同行は2021年11月以降、飯田グループホールディングス<3291>、(株)ダックス、阪急阪神不動産(株)、GREED GROUP、三菱商事<8058>グループなどの日系企業傘下にある現地法人と住宅ローンの業務提携を行っており、住宅ローン残高の伸長が期待される。加えて、重機ローンに係る業務提携契約締結も推進しており、2022年7月以降、神戸製鋼所<5406>、日立建機<6305>傘下のインドネシア法人及びPT United Tractors Tbk(小松製作所<6301>の独占販売代理店)と契約を締結しており、重機ローン残高は2023年6月には前四半期比54%増の35億円に急拡大している。インドネシアは資源大国であり、ニッケル掘削などのための重機の需要が高く、重機ローンの拡大が見込まれる。現状では住宅ローンや重機ローンの残高は小さいが、新たな成長分野と言えよう。

インドネシアは年率5~6%の実質GDP成長が継続している(コロナ禍の2020~2021年を除く)。世界銀行によれば、2021年時点の銀行口座保有率は52%にまで上昇してきたが、90%を超えるシンガポール、タイ、マレーシアを大きく下回り、今後も倍近い潜在顧客が存在することになる。

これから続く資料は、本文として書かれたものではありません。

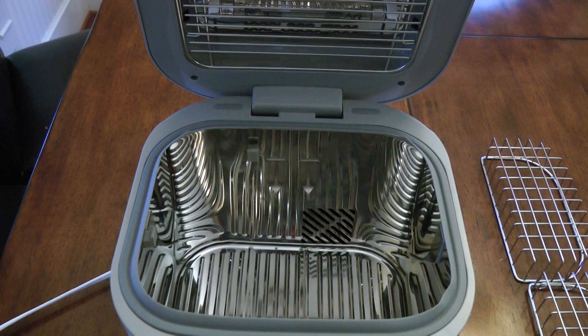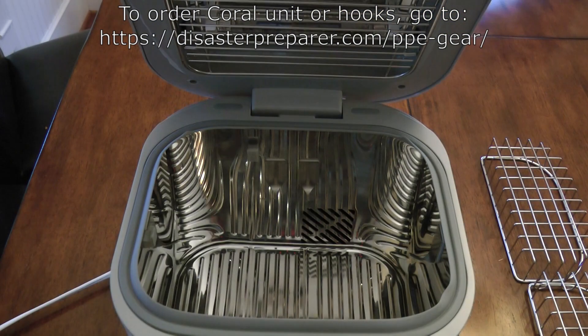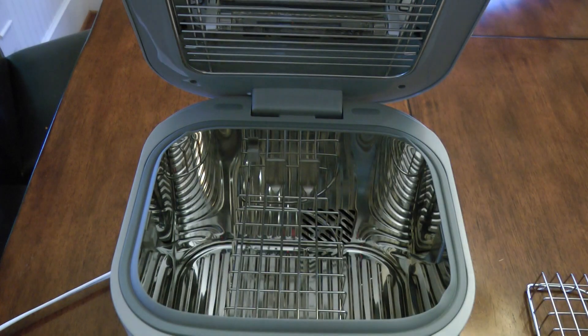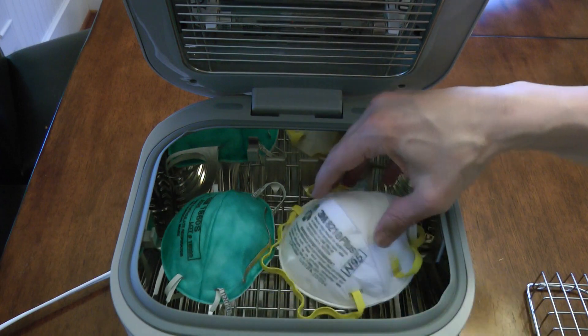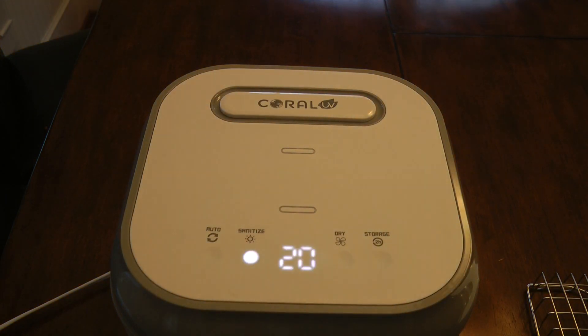This video is going to show how to install the hooks in the UV Coral Sanitizer, which I recommend. I really like this unit for decontaminating N95 respirators. The idea is that you can put a little shelf in here, then take your respirators and rest them on that shelf, close it up, hit sanitize, dial it up to 20 minutes, and let the thing run. For 20 minutes, it shines a very bright UV light on the face of the respirators.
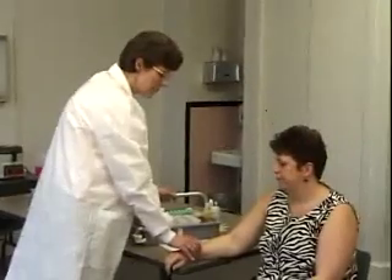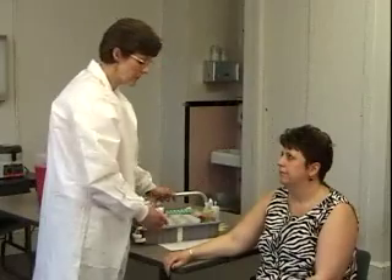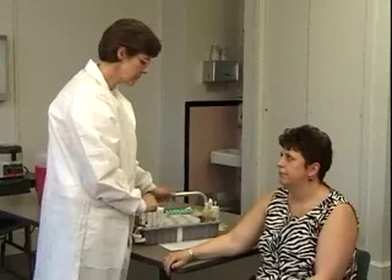If she were an inpatient, I would actually check her hospital band and make sure that all the numbers match the request form, so that we can compare exactly and make sure that every number is right and every letter in the name is spelled correctly.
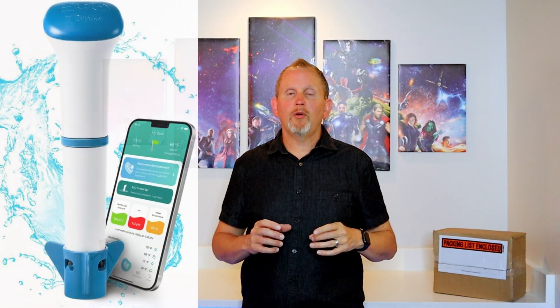Hey everybody, I'm Greg with the FixMyBleep channel. Thanks so much for joining me today. This is going to be an unboxing, a setup, and then a review on the ECHO Smart Pool Monitor — for swimming pools, hot tubs, and spas. This is an item you put in your water; it tells you if the water is clean and safe and ready to use, and if not, what treatment you need. Be sure to like and subscribe, and there's a link in the description where you can find this item.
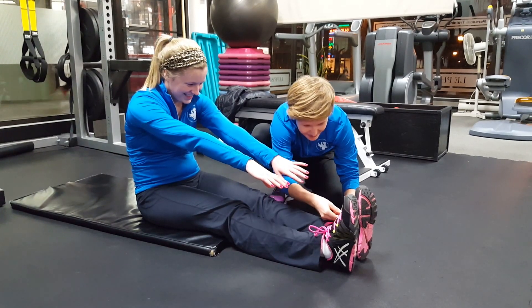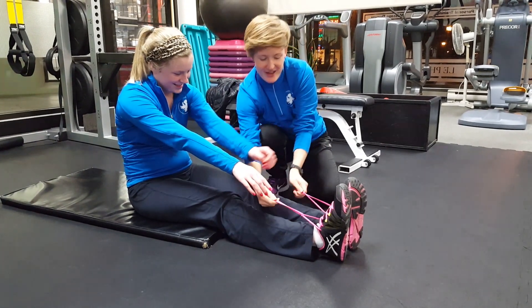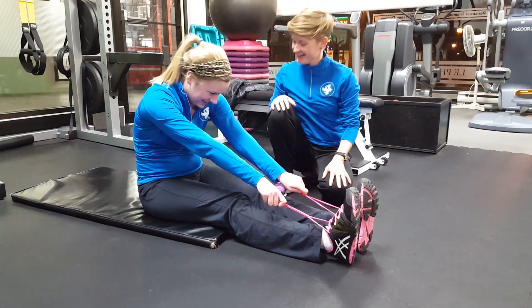I'm gonna make it a little bit easier for you. There you go! That's it!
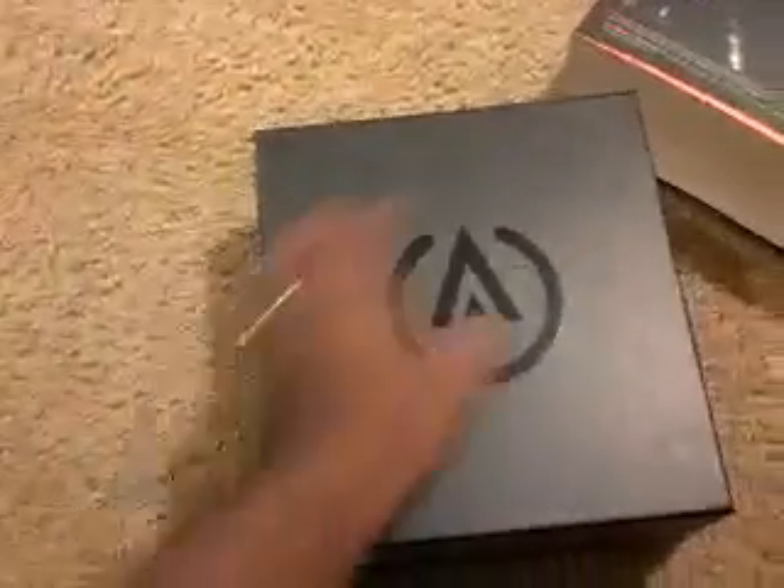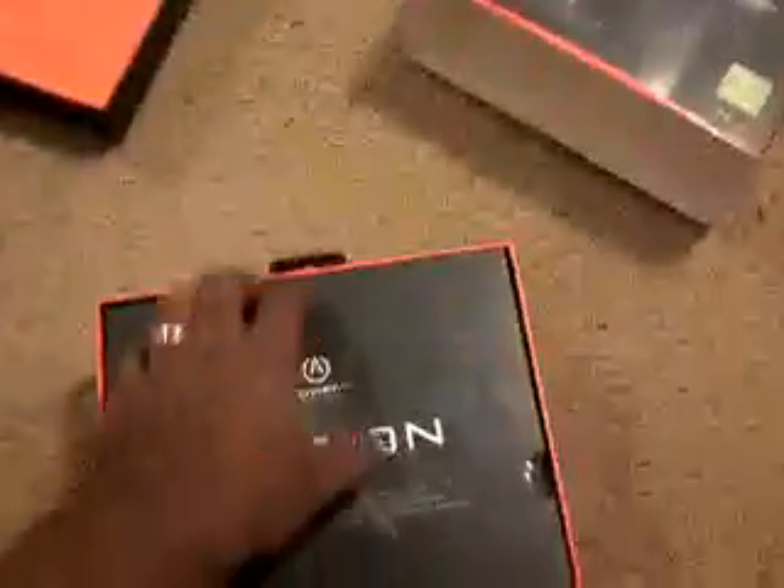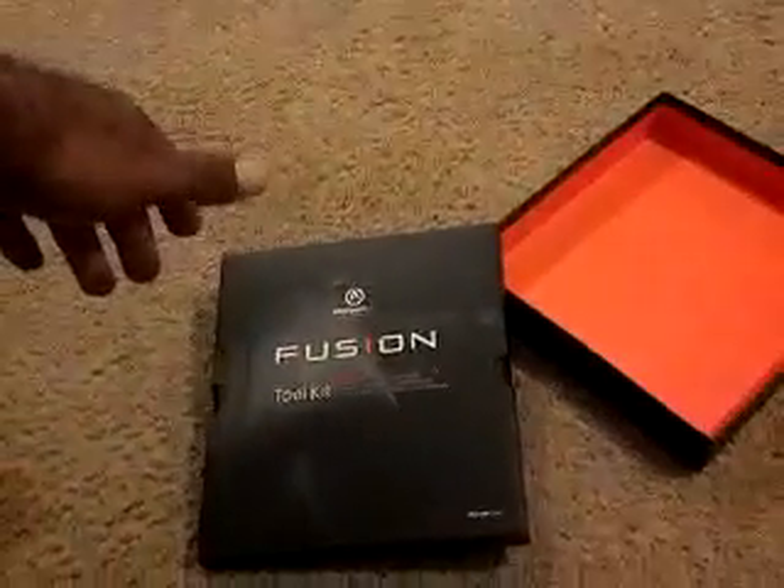Slide this bad boy open right here. So we've got a top, a little extra stuff there. This is actually the toolkit right here — the Power A toolkit. It's got these extra soft grips and everything, a quick start guide, and a user's manual.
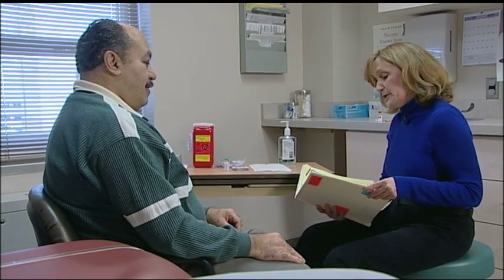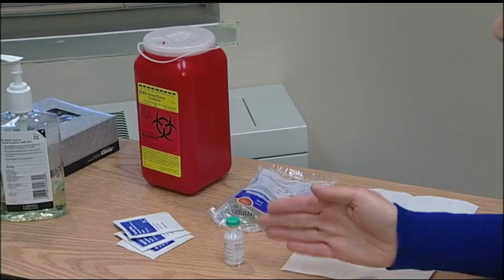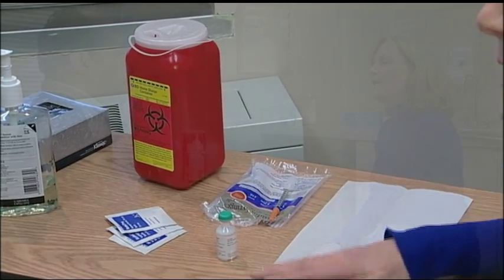I see your doctor ordered you to take some insulin. Yes, he did. You'll be taking 10 units of long-acting insulin each night before bed. And I see you've brought all your supplies with you. Let's go over them together: your insulin, your syringes, alcohol swabs, and a sharps container.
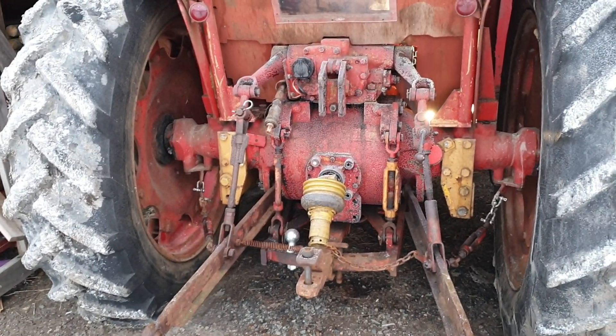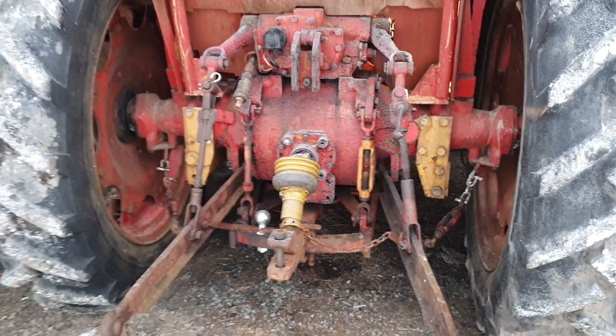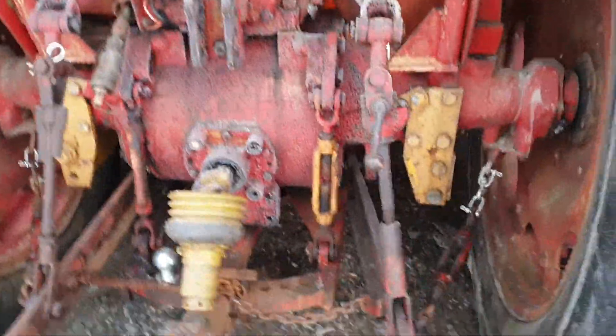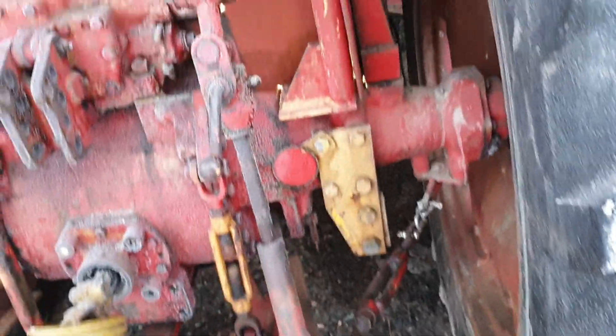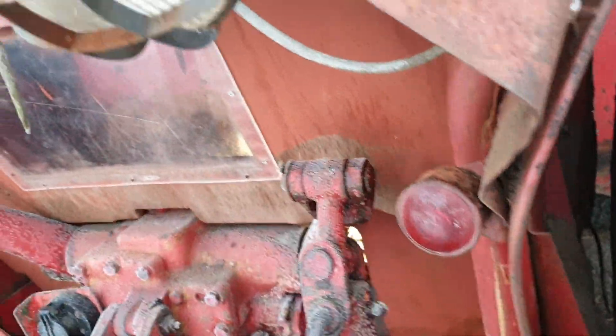Here we have the three-point hoist that's failing to work. So I can pick these up by hand. You can see the levers moving up and down.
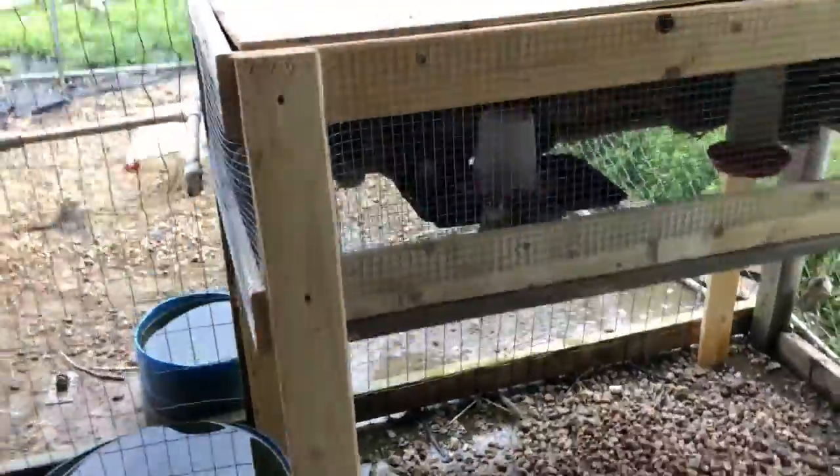So this is the finished product. They seem to be happy in there. I only put females because it looked like they were being harassed by the males.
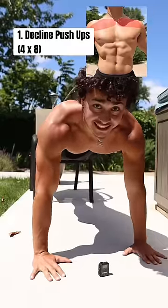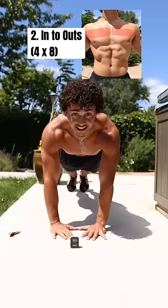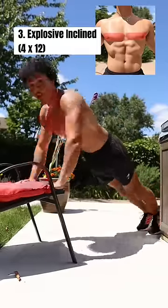Start by doing four sets of eight decline pushups to target the upper chest. Next, go into four sets of eight in-out pushups to target the mid chest. And finally, get into four sets of 12 explosive incline pushups to target the lower chest.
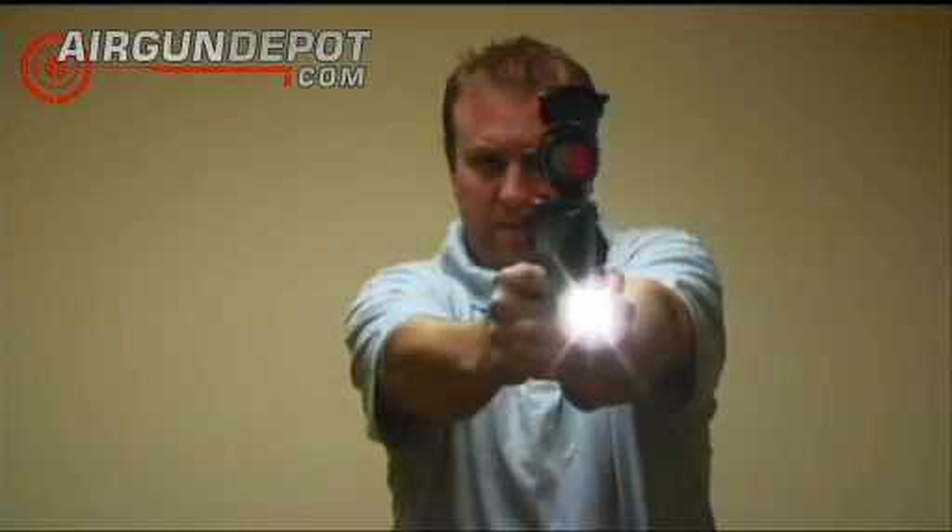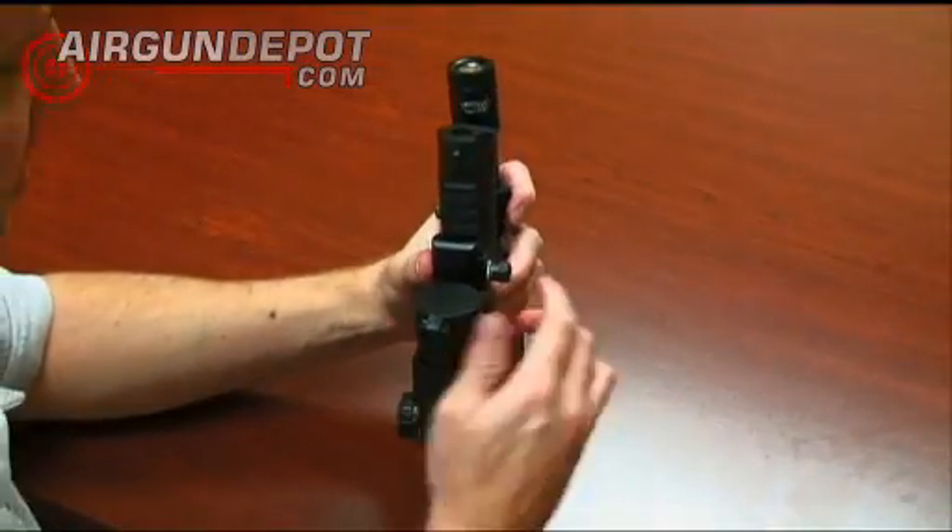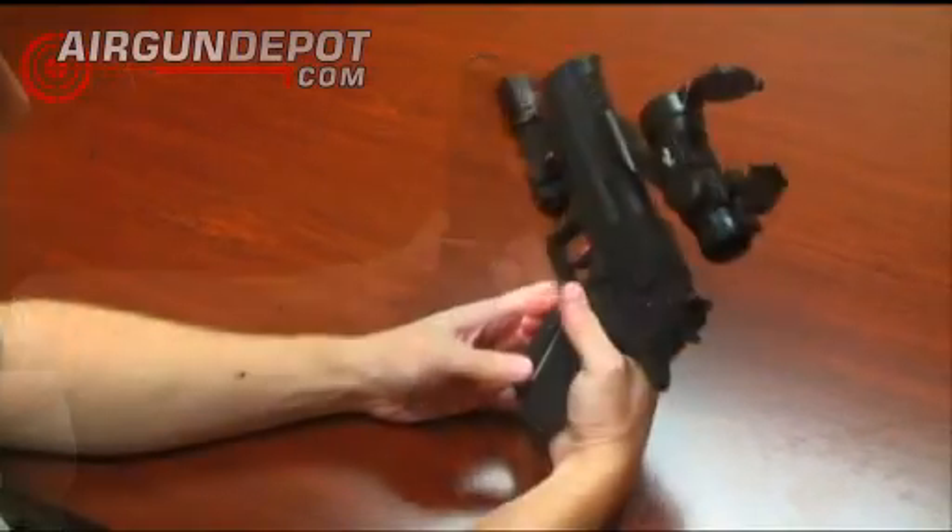The Picatinny rails make mounting accessories easy. Flashlights, laser sights, and red-dot scopes can be added separately.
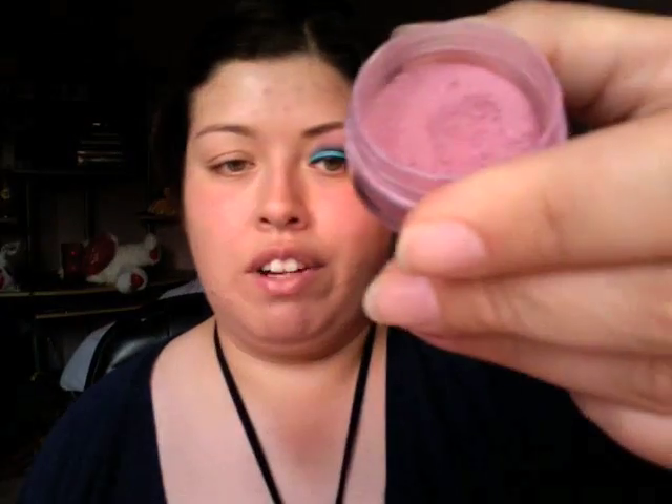First and foremost, I started off by applying my UDP paint all over my eyelid up to the brow bone. Then I added, from my collection of eyeshadows, a really rosy, light color — very light and shimmery. Since rosy colors are in this season — spring and summer season — I said, why not? Let's use some of it.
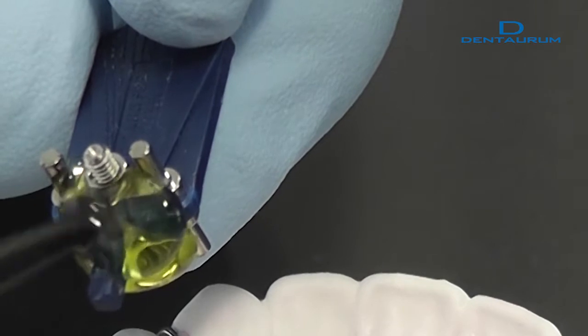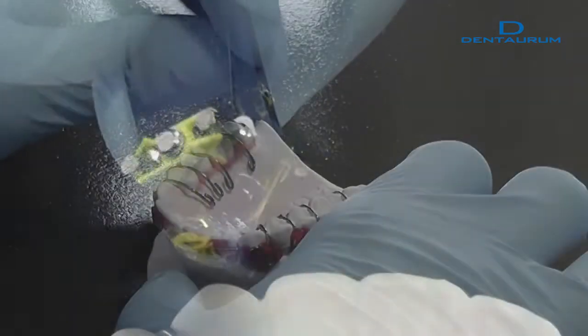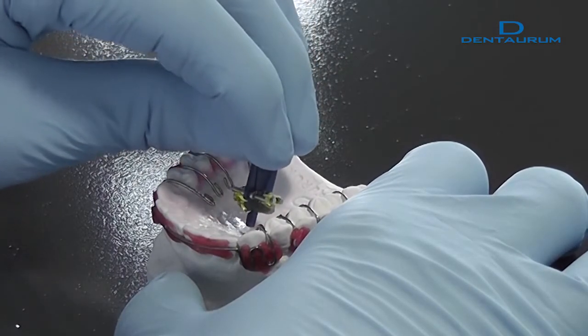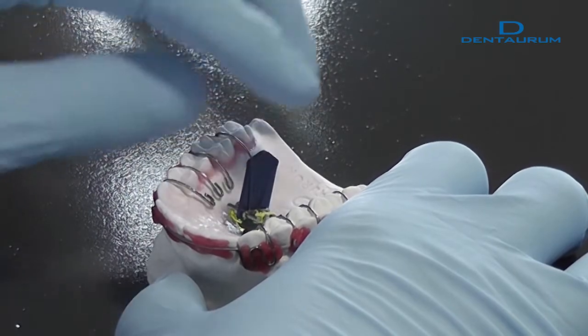First, the expansion screw is completed. It is completely surrounded with OrthoKryl LC. It is important that the expansion screw is completely embedded in the acrylic and that no air bubbles form.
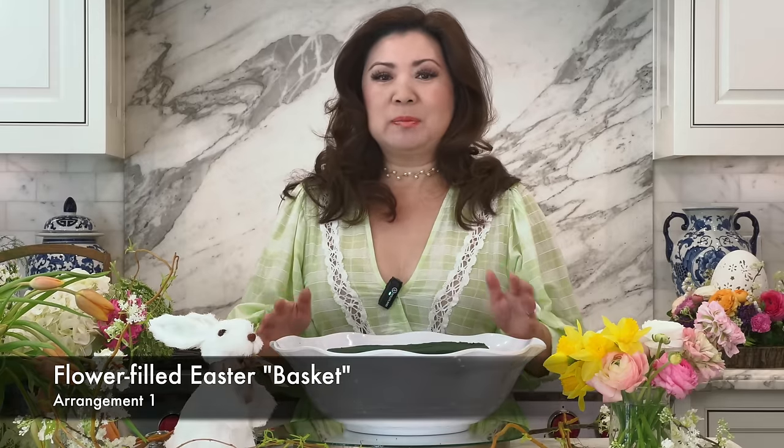Today we're going to be making three adorable Easter arrangements. We're going to make this beautiful Easter egg tree, this adorable Easter basket arrangement, and these cute cabbage rose centerpieces. So let's get started.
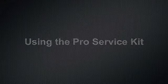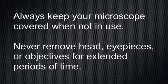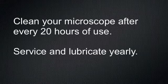Using the ProService Kit. Always keep your microscope covered when not in use. Never remove the head, eyepieces, or objectives for extended periods of time. Clean your microscope after every 20 hours of use. Service and lubricate yearly.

ローン対GDP比率も東南アジア諸国のなかでも低く、経済成長に伴いさらなる上昇が予想される。インドネシアの人口は約2億7千万人と世界第4位であり、マーケット規模が大きく、またニッケル、天然ゴム、石炭などの豊かな天然資源を有し、その領域への貸出機会が豊富であることから、インドネシア銀行業界の成長ポテンシャルは高いと言える。そのなかで、Jトラスト銀行インドネシアは、現地に代表取締役副社長が常駐し、スピーディな決済が可能であることから、取引先から高く評価されている。ただ、同行はまだ復調の途上であり、インドネシア商業銀行全体に比べてROAと純金利マージンの上昇余地が大きい。他方、不良債権比率は業界水準を大きく下回る。これは、国営企業や大企業など信用力の高い企業に低金利で融資をしており、優良貸出残高を伸ばすことで不良債権費用を発生させないで利益を確保する戦略をとっているためだ。今後も同行が加速度的に利益を拡大することで、グループの成長ドライバーになると期待される。

インドネシアの債権回収業務では、PT JTRUST INVESTMENTS INDONESIA及び韓国のサービサーであるTA資産管理(株)子会社のPT TURNAROUND ASSET INDONESIAで買取債権増加による収益機会の拡大及び回収金の最大化を計画している。同社グループによると、インドネシアにおいて回収対象となる不良債権規模は現状2,884兆ルピア(約26兆円)程度と推計される。コロナ禍で不良債権がさらに増加する見込みで、ビジネスチャンスが拡大する見通しである。今後、債権買取回収及び債権回収受託のプレイヤーが増加し債権価格が上昇すると見込まれているが、回収力や資金調達力で実績のある同社グループでは先行者利益が得られると見ている。なお、マルチファイナンス会社PT JTRUST OLYMPINDO MULTI FINANCEについては、2023年6月に株式譲渡契約を締結し、インドネシア金融庁の承認得られ次第、譲渡予定である。

カンボジアについては、当面は預金獲得競争の激しさが継続する見込みである。2019年12月期より同社グループに加わったJトラストロイヤル銀行は資産内容の良い優良銀行であるものの、市中預金金利が上昇しているうえ、競合銀行も増加している。今後は、新たな収益機会を獲得するための新規顧客の開拓、融資成長を支えるためのボンド発行やマイクロSME(中小・中堅企業)層との取引など、新たな資金(預金)調達や個人向け流動性預金の獲得を図る。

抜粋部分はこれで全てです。